● **TASK STATEMENT**:
Output begins at the line with "Sarah & Rich Wedding-78" and ends at the last line of the records below. Copy each line in that span exactly, and leave out pictures.

[Image-text web data]
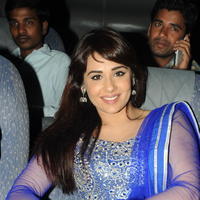 Mandy Takhar Latest Photos at Biriyani Movie Audio Launch | Picture 664460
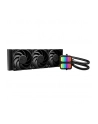 be quiet! Chłodzenie wodne Silent Loop 3 360mm AIO - nr 20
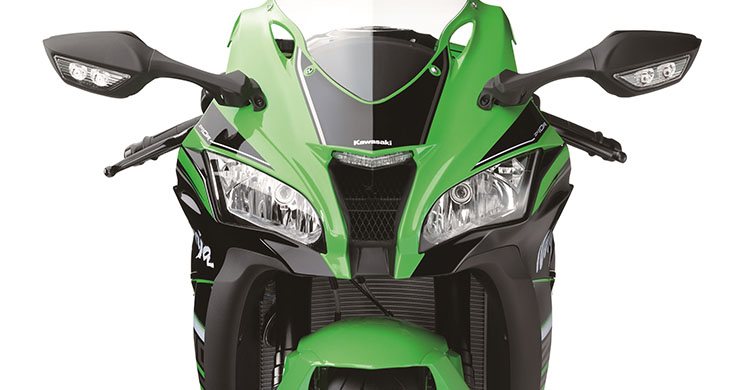 front-kawasaki-zx10r-2016.jpg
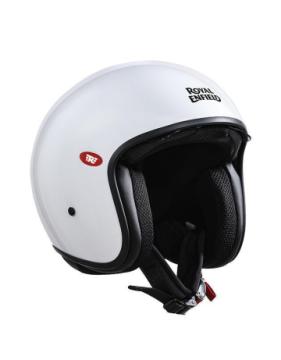 Royal Enfield Riding Gear – Helmets, Jackets, Boots & Gloves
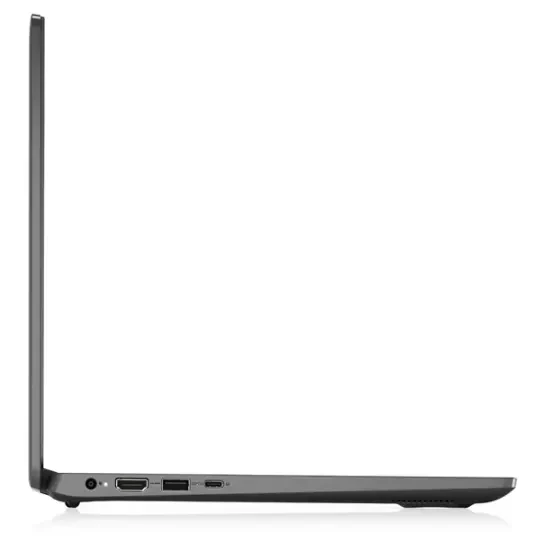 Dell Latitude 3410 i5 3410-273547357 (Outlet)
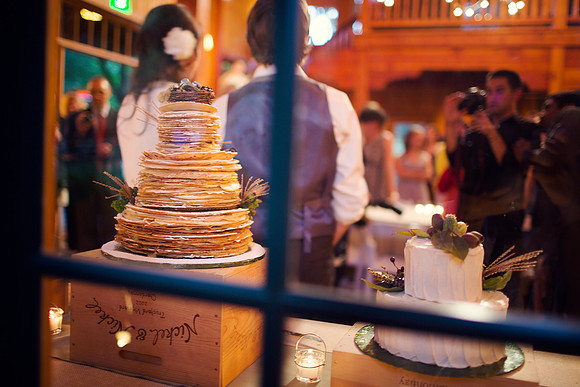 Sarah & Rich Wedding-78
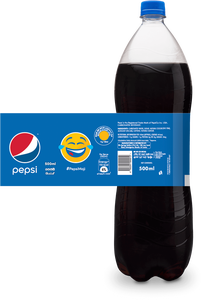 <strong>Automatic</strong> Unit Type <strong>Full</strong> Servo High Speed Paper Label Flexo <strong>Printing</strong> <strong>Machine</strong> - Product Image 2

● **RESPONSE FOR THIS EXERCISE**:
 Sarah & Rich Wedding-78
 <strong>Automatic</strong> Unit Type <strong>Full</strong> Servo High Speed Paper Label Flexo <strong>Printing</strong> <strong>Machine</strong> - Product Image 2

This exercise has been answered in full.